ACTIVITY:
Beneath this instruction is a listing; write out exactly the line that contains "Supportive LOUIS VUITTON SHOES 30178" and each line after it to the last.

*** Opening DATA EXCERPT ***

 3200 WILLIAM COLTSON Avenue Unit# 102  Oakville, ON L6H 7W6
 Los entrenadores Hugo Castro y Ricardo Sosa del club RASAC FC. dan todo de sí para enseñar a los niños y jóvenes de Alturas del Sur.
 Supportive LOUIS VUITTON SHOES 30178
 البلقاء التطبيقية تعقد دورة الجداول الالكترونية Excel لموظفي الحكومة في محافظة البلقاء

*** Closing DATA EXCERPT ***

RESPONSE AREA:
 Supportive LOUIS VUITTON SHOES 30178
 البلقاء التطبيقية تعقد دورة الجداول الالكترونية Excel لموظفي الحكومة في محافظة البلقاء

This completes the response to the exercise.